RFR: 8308804: Improve UUID.randomUUID performance with bulk/scalable PRNG access
Aleksey Shipilev
shade at openjdk.org
Thu May 25 11:40:28 UTC 2023
UUID is the very important class that is used to track identities of objects in large scale systems. On some of our systems, `UUID.randomUUID` takes >1% of total CPU time, and is frequently a scalability bottleneck due to `SecureRandom` synchronization.
The major issue with UUID code itself is that it reads from the single `SecureRandom` instance by 16 bytes. So the heavily contended `SecureRandom` is bashed with very small requests. This also has a chilling effect on other users of `SecureRandom`, when there is a heavy UUID generation traffic.
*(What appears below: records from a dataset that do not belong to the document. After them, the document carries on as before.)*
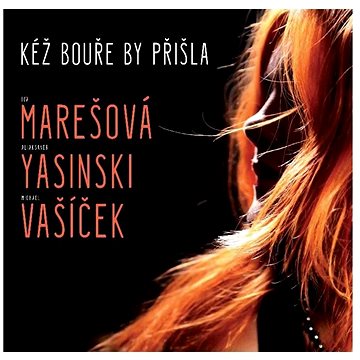 

Marešová Iva: Kéž by bouře příšla - CD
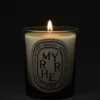 Myrrhe (myrra) – klassiskt ljus
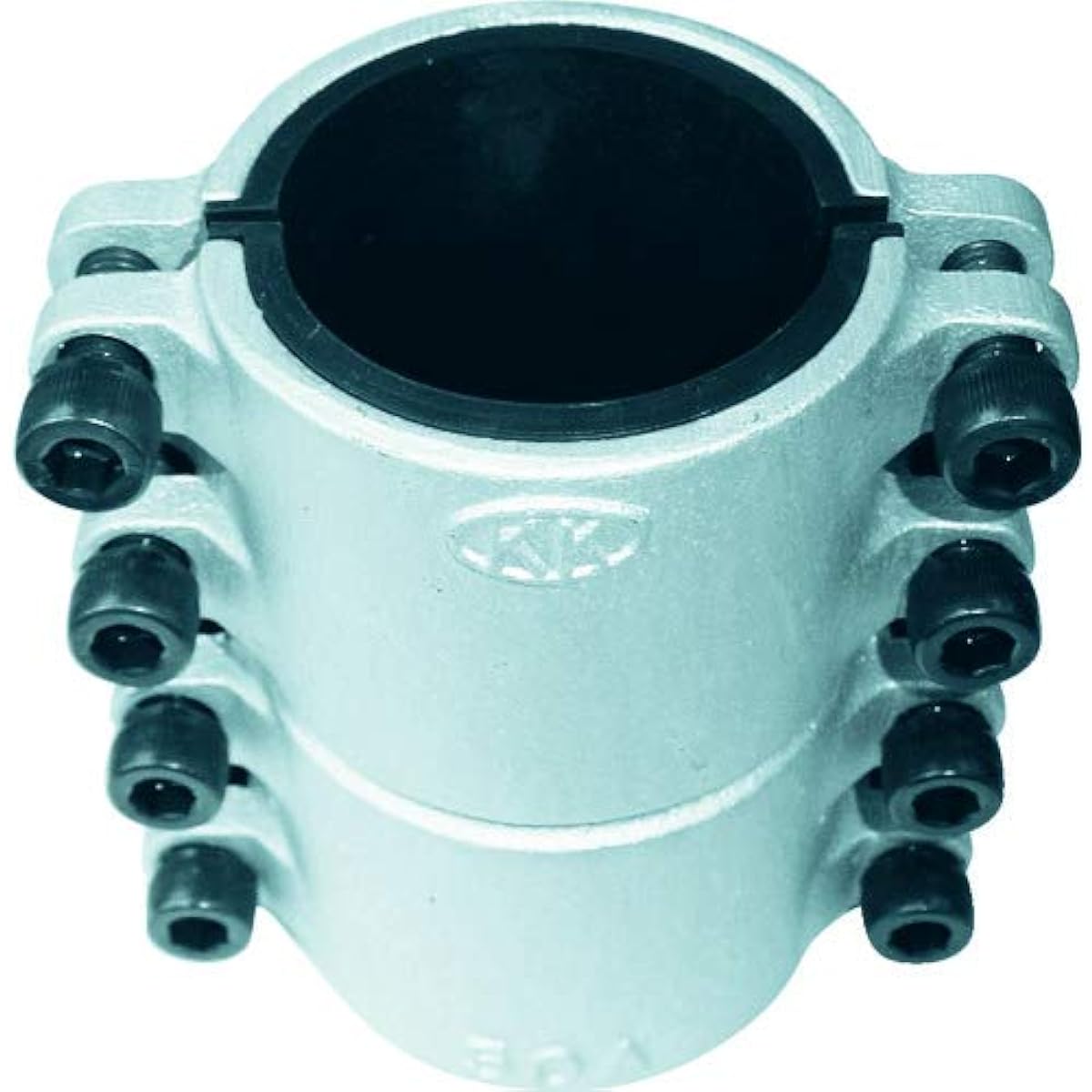 Kodama crimp socket for steel pipe straight pipe long size L20A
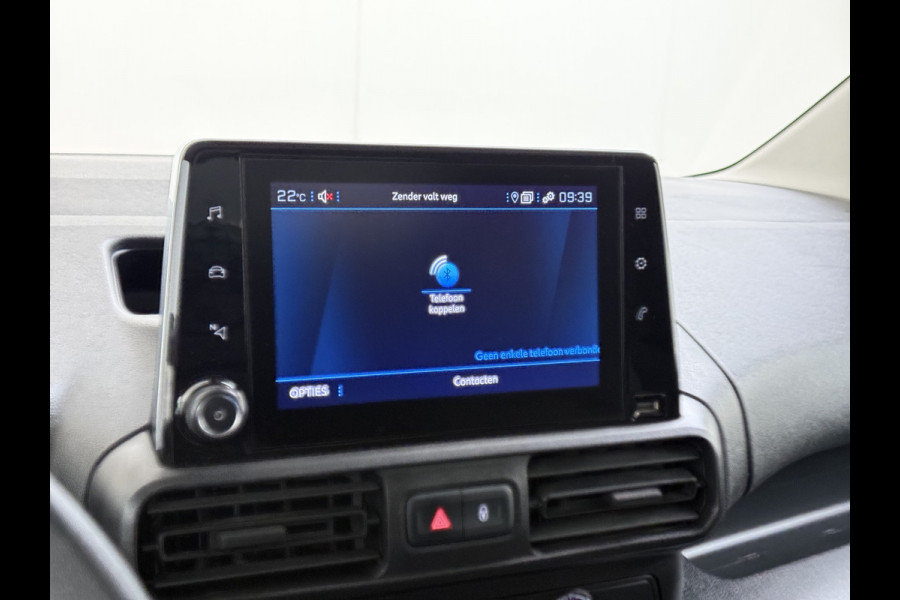 Peugeot Partner 1.2 PureTech BENZINE Premium Airco, Cruise Control, EX Lease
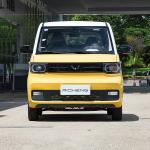 20KW 27Ps Wuling Hongguang Mini EV 100Km/H Left Hand Drive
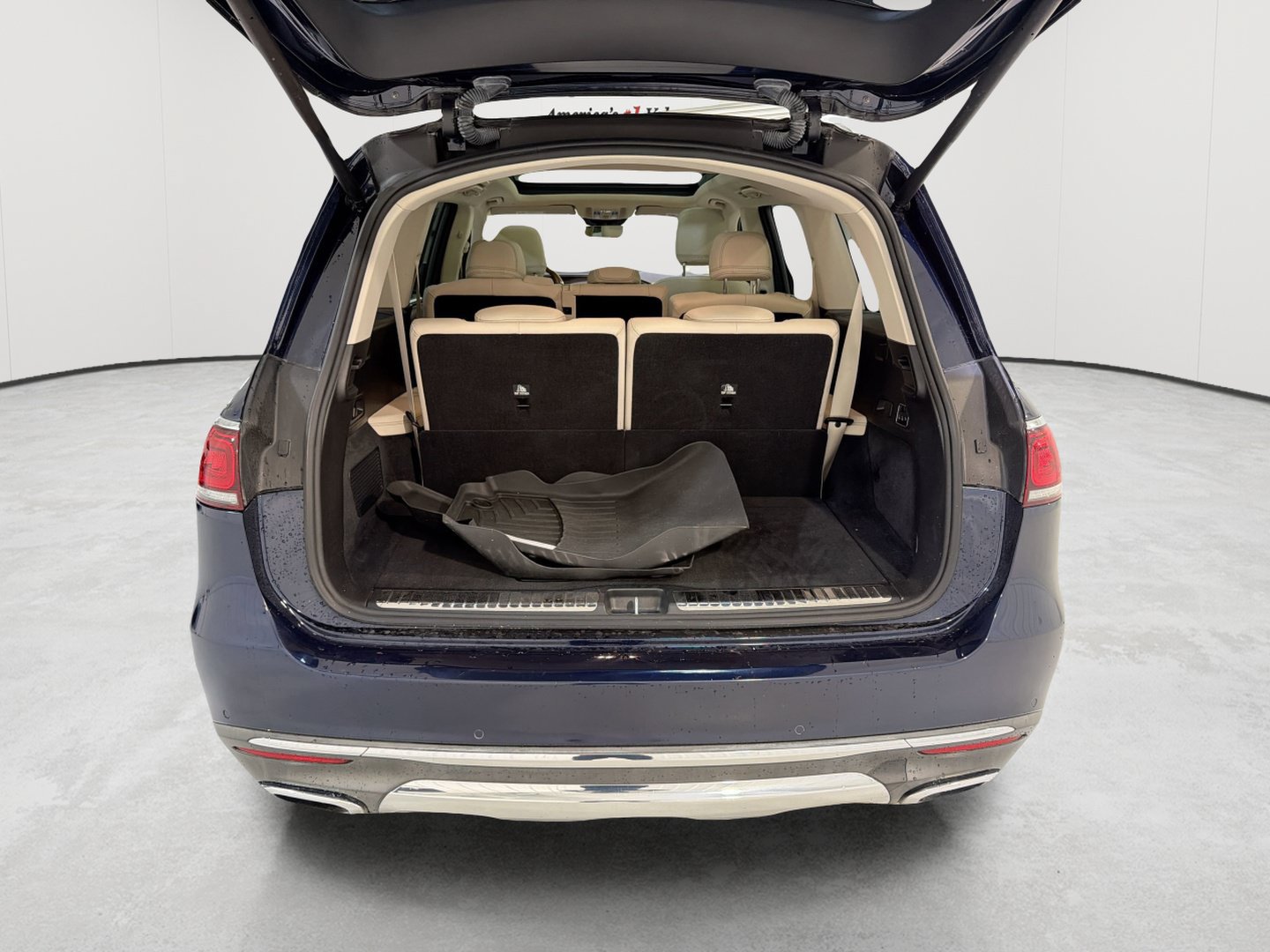 Used 2022 Mercedes-Benz GLS 450 4MATIC image 30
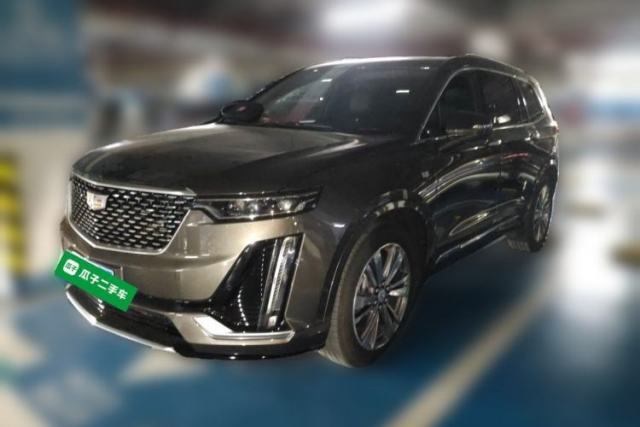 Used Cadillac XT6 2020 Revised Version 28T 7-Seater Four-Wheel Drive Luxury Edition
We can improve this by doing the bulk reads from the backing SecureRandom and possibly striping the reads across many instances of it.
Benchmark Mode Cnt Score Error Units
### AArch64 (m6g.4xlarge, Graviton, 16 cores)
# Before
UUIDRandomBench.single thrpt 15 3.545 ± 0.058 ops/us
UUIDRandomBench.max thrpt 15 1.832 ± 0.059 ops/us ; negative scaling
# After
UUIDRandomBench.single thrpt 15 4.421 ± 0.047 ops/us
UUIDRandomBench.max thrpt 15 6.658 ± 0.092 ops/us ; positive scaling, ~1.5x
### x86_64 (c6.8xlarge, Xeon, 18 cores)
# Before
UUIDRandomBench.single thrpt 15 2.710 ± 0.038 ops/us
UUIDRandomBench.max thrpt 15 1.880 ± 0.029 ops/us ; negative scaling
# After
Benchmark Mode Cnt Score Error Units
UUIDRandomBench.single thrpt 15 3.099 ± 0.022 ops/us
UUIDRandomBench.max thrpt 15 3.555 ± 0.062 ops/us ; positive scaling, ~1.2x
Note that there is still a scalability bottleneck in current default random (`NativePRNG`), because it synchronizes over a singleton instance. This PR adds a system property to select the implementation, and there we can clearly see the benefit:
Benchmark Mode Cnt Score Error Units
### x86_64 (c6.8xlarge, Xeon, 18 cores)
# Before, hacked `new SecureRandom()` to `SecureRandom.getInstance("SHA1PRNG")`
UUIDRandomBench.single thrpt 15 3.661 ± 0.008 ops/us
UUIDRandomBench.max thrpt 15 2.400 ± 0.031 ops/us ; faster than NativePRNG, but still negative scalability
# After, -Djava.util.UUID.prngName=SHA1PRNG
UUIDRandomBench.single thrpt 15 3.522 ± 0.009 ops/us
UUIDRandomBench.max thrpt 15 50.506 ± 1.734 ops/us ; positive scaling, ~14x
Other scalable random number providers would improve the similar way. Note that just changing to`SHA1PRNG` right now would not help much, because it would still be very contended. This PR does not change the default PRNG provider, that would need a larger discussion. It only provides the means to select another one.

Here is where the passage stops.